Updated in: 28 February 2024 - 12:38

Trump Should Start Cooperating with Biden on Transition, Says Pennsylvania Senator

TEHRAN (defapress) – A Republican senator from the swing state at the center of Donald Trump’s legal battles over the US election has urged the US president to begin the process of a transition of power to Joe Biden.
News ID: 82515
Publish Date: 11November 2020 - 12:09

Trump Should Start Cooperating with Biden on Transition, Says Pennsylvania SenatorPat Toomey is a Republican senator from Pennsylvania, which proved to be the deciding state in the election count as its 20 electoral colleges were projected for Biden on Saturday, and with them the presidency. 

"We're on a path it looks likely Joe Biden is going to be the next president of the United States. It's not 100 per cent certain but it is quite likely. So I think a transition process ought to begin," said Toomey on Tuesday, The Independent reported.

However, in an interview with Pittsburgh's Action News 4, the senator also noted that “if it turns out that the unlikely scenario actually comes about and it turns out President Trump is determined to have won this election after all, then the transition, of course, becomes moot, and it expires and it evaporates." 

Toomey, who has already announced that he won’t run for re-election to the Senate in 2022, said “clearly, Joe Biden has a narrow lead in the remaining states that he needs to get to 270 or more – most likely more – electoral college votes” but noted that “the process isn't entirely finished, and a legitimate process is one that goes to the end.” 

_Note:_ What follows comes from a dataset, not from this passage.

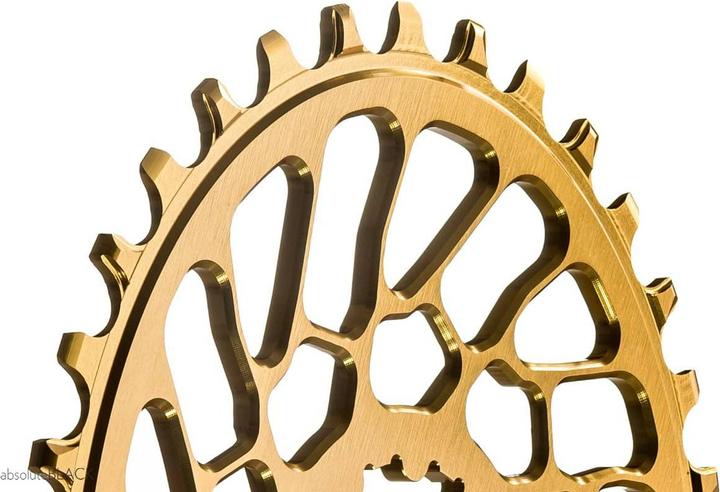 Actual product image AbsoluteBLACK OVAL Sram DM flat (0mm offset) (30)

The process, Toomey stated, could include a recount and going to court to decide any dispute about the ballots.

Last week, as results were still being tallied, the Trump campaign filed a lawsuit seeking to stop counting of ballots in Pennsylvania – a move that the state’s governor Tom Wolf, who is a Democrat, described as “simply wrong.”

On Monday, Trump’s campaign filed another lawsuit to stop the certification of election results in Pennsylvania, where Biden received about 46,000 more votes than the president.

In his interview, Toomey also said he thinks the COVID-19 pandemic “is going to be behind us soon”. 

“I hope and I'm confident it will be. And I think it would be wise for Pennsylvania to return to the ways we've been casting votes for 240 years prior to this election,” he said, referring to the future of mail-in voting.

But the senator clarified that it will be the legislature and governor of the state who will make any such decision on the future of the voting process in the state.